** To do **
Restate all of the entries exactly. Any picture in them should be skipped.

[Scraped caption text data]
_ _ _
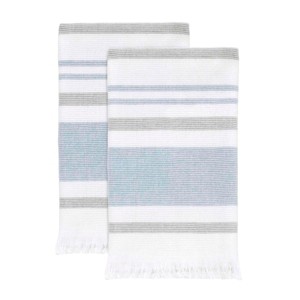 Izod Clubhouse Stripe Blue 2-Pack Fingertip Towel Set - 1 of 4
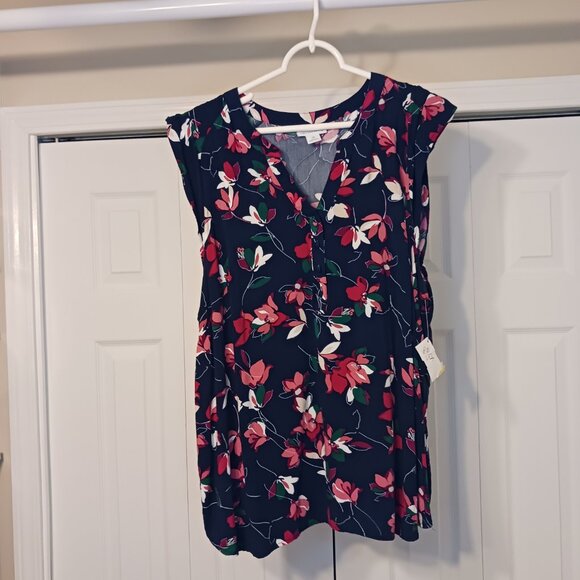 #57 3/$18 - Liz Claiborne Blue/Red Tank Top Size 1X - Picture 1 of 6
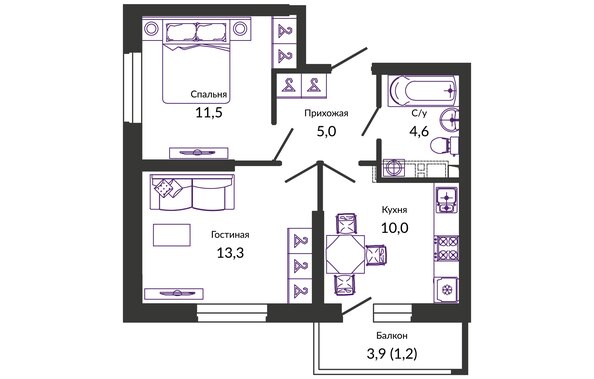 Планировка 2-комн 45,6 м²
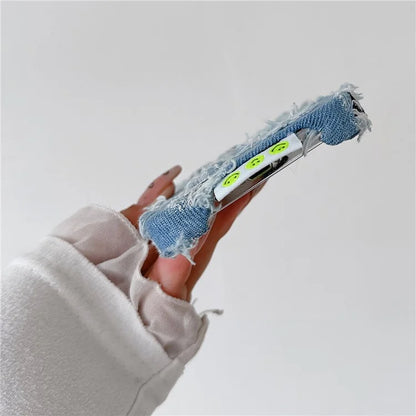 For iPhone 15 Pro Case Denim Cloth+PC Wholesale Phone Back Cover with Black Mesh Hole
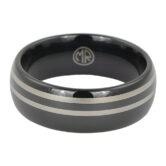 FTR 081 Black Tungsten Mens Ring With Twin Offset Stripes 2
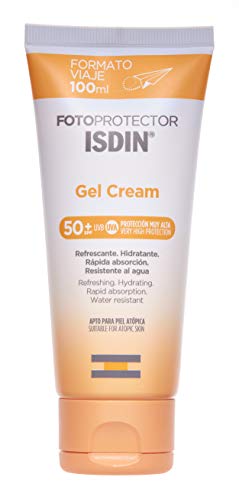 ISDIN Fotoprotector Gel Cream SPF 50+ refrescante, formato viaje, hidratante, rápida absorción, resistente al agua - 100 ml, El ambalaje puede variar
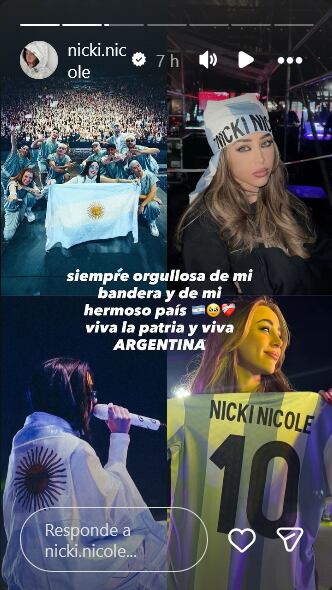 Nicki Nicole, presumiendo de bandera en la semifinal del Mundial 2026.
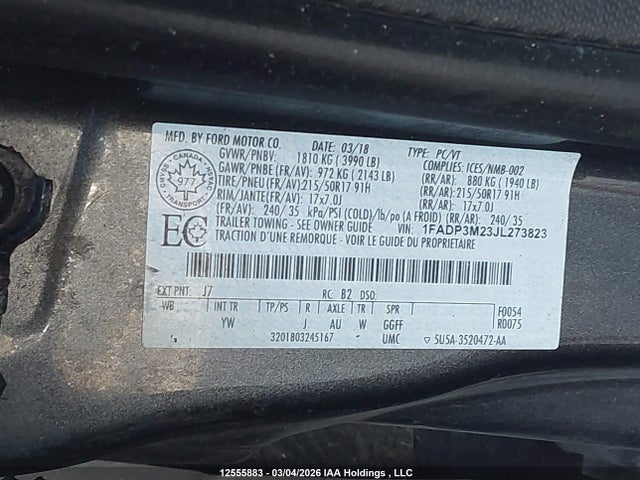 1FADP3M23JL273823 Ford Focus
_ _ _
** Response below **
 Izod Clubhouse Stripe Blue 2-Pack Fingertip Towel Set - 1 of 4
 #57 3/$18 - Liz Claiborne Blue/Red Tank Top Size 1X - Picture 1 of 6
 Планировка 2-комн 45,6 м²
 For iPhone 15 Pro Case Denim Cloth+PC Wholesale Phone Back Cover with Black Mesh Hole
 FTR 081 Black Tungsten Mens Ring With Twin Offset Stripes 2
 ISDIN Fotoprotector Gel Cream SPF 50+ refrescante, formato viaje, hidratante, rápida absorción, resistente al agua - 100 ml, El ambalaje puede variar
 Nicki Nicole, presumiendo de bandera en la semifinal del Mundial 2026.
 1FADP3M23JL273823 Ford Focus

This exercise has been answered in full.